== Task instructions ==
Repeat every entry exactly. Do not include the pictures.

== Supplied data ==
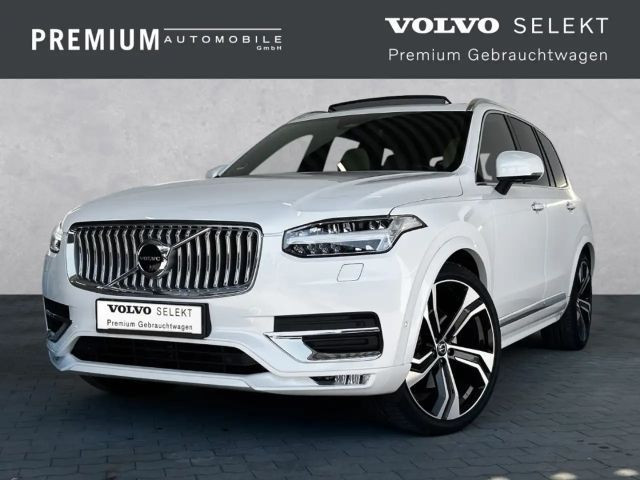 Volvo XC90 AWD Ultimate Bright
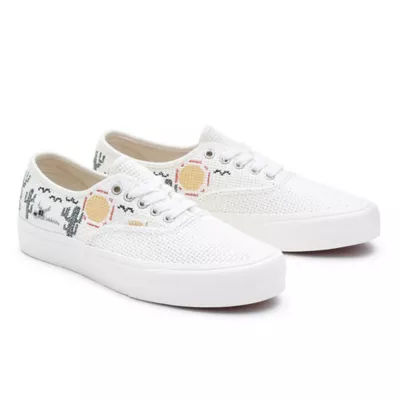 Vans espadrilles store marshmallow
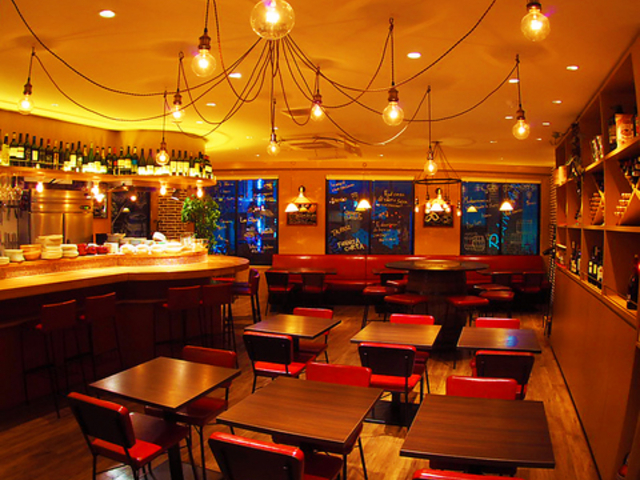 �C�^���A���o�[�� �G���̎ʐ^1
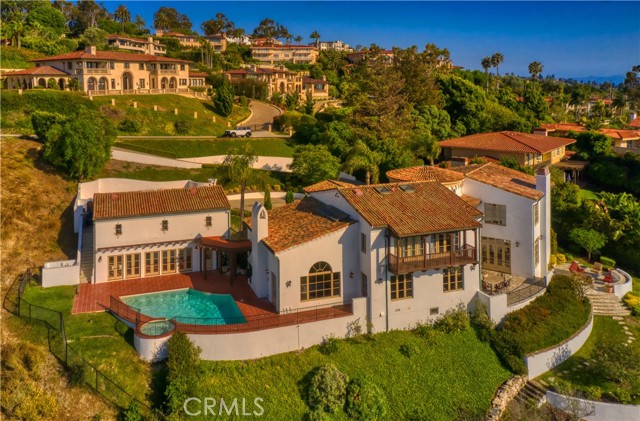1409 Via Fernandez, Palos Verdes Estates, California 90274, 6 Bedrooms Bedrooms, 0 ,8 BathroomsBathrooms,Residential,For Sale,Via Fernandez,0,PV26081454
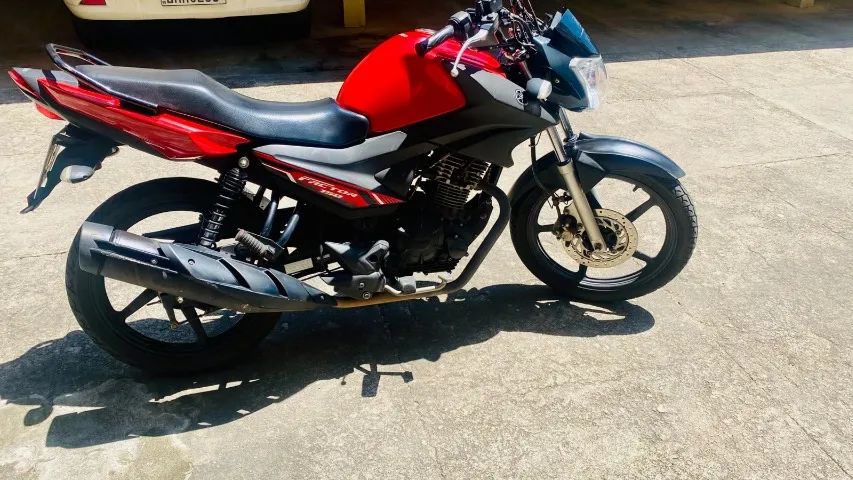 Yamaha Factor ED 150cc Modelo 2023 - Foto 2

== Response ==
 Volvo XC90 AWD Ultimate Bright
 Vans espadrilles store marshmallow
 �C�^���A���o�[�� �G���̎ʐ^1
1409 Via Fernandez, Palos Verdes Estates, California 90274, 6 Bedrooms Bedrooms, 0 ,8 BathroomsBathrooms,Residential,For Sale,Via Fernandez,0,PV26081454
 Yamaha Factor ED 150cc Modelo 2023 - Foto 2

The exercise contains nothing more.